**Your objective:**
Every line of the material is to be quoted verbatim, minus the pictures.

**Information provided:**
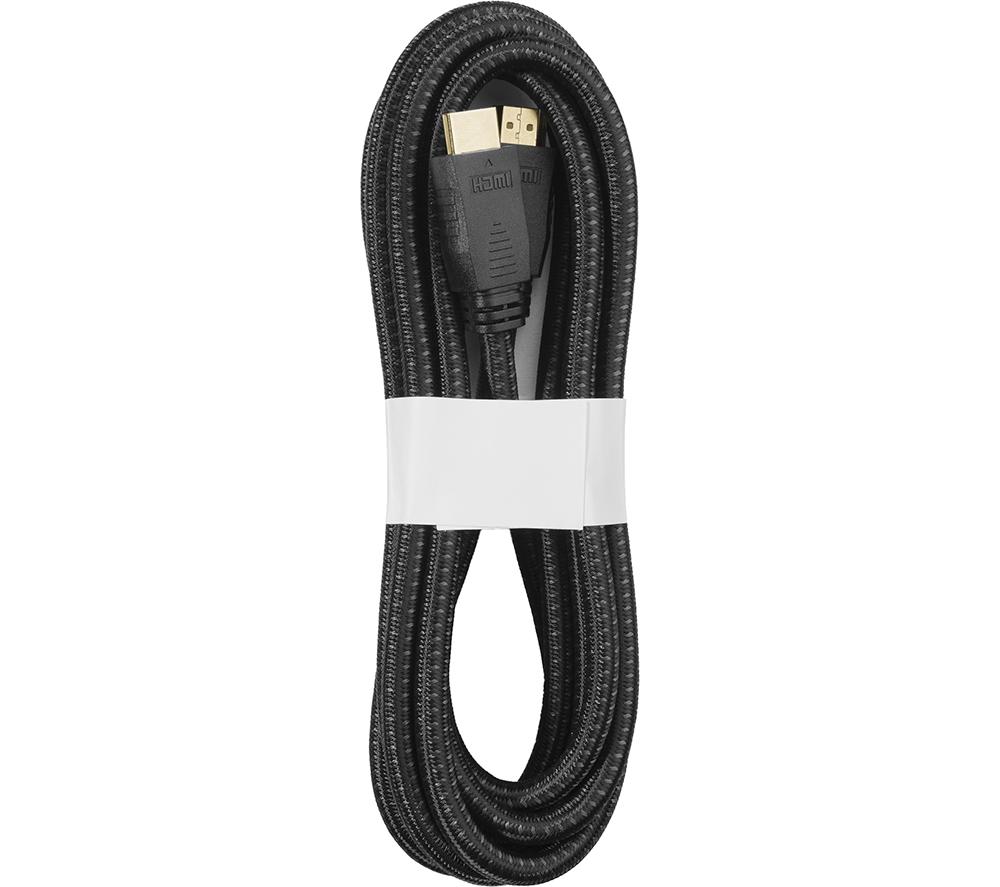 ONE FOR ALL CC5030 Premium High Speed HDMI Cable with Ethernet - 3 m image number 2 of 6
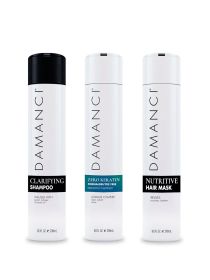 DAMANCI ZerÃ˜ Keratin Revival Kit (size: 10 Oz)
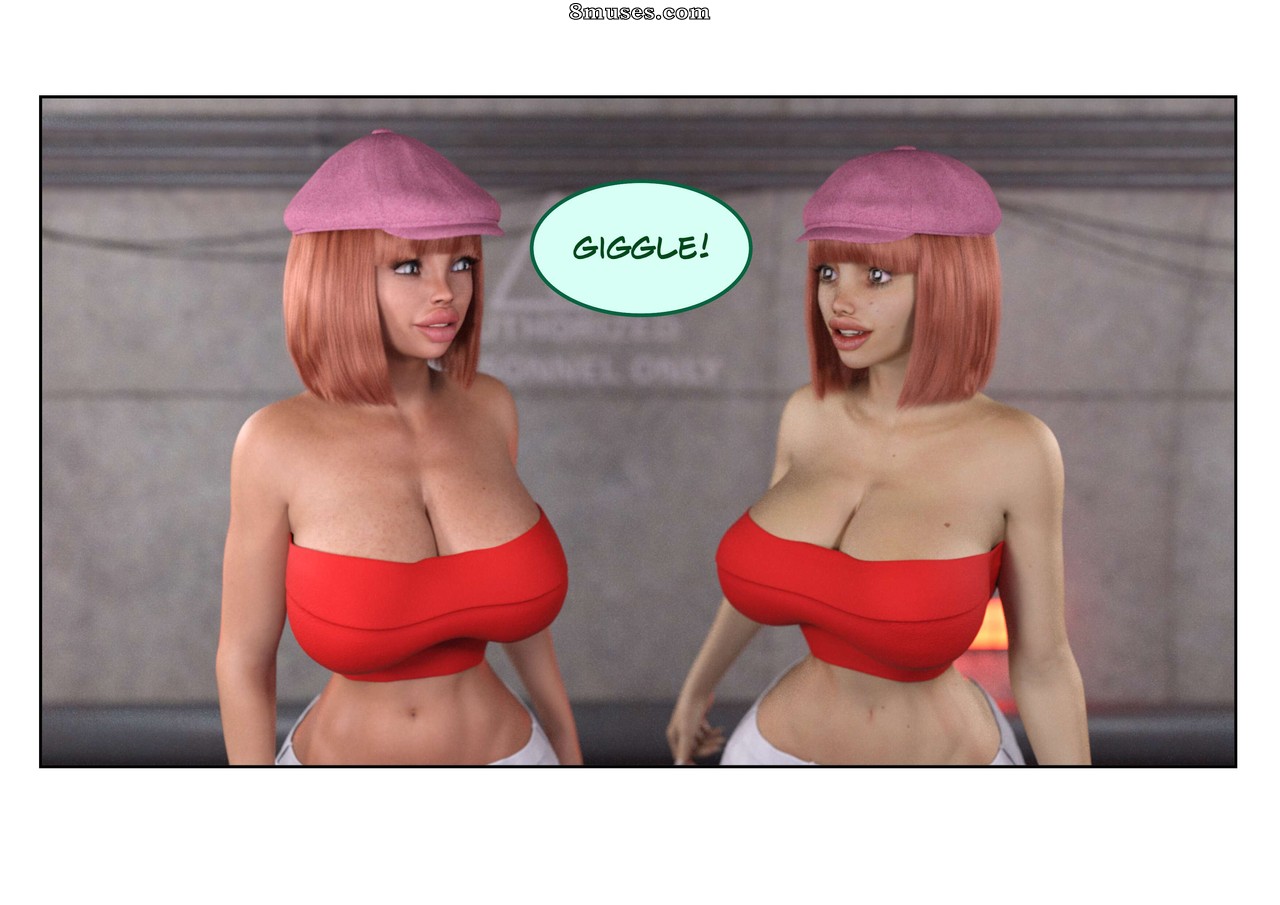 Abimboleb Comics - Harley and the Twins - Page 40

**Written answer:**
 ONE FOR ALL CC5030 Premium High Speed HDMI Cable with Ethernet - 3 m image number 2 of 6
 DAMANCI ZerÃ˜ Keratin Revival Kit (size: 10 Oz)
 Abimboleb Comics - Harley and the Twins - Page 40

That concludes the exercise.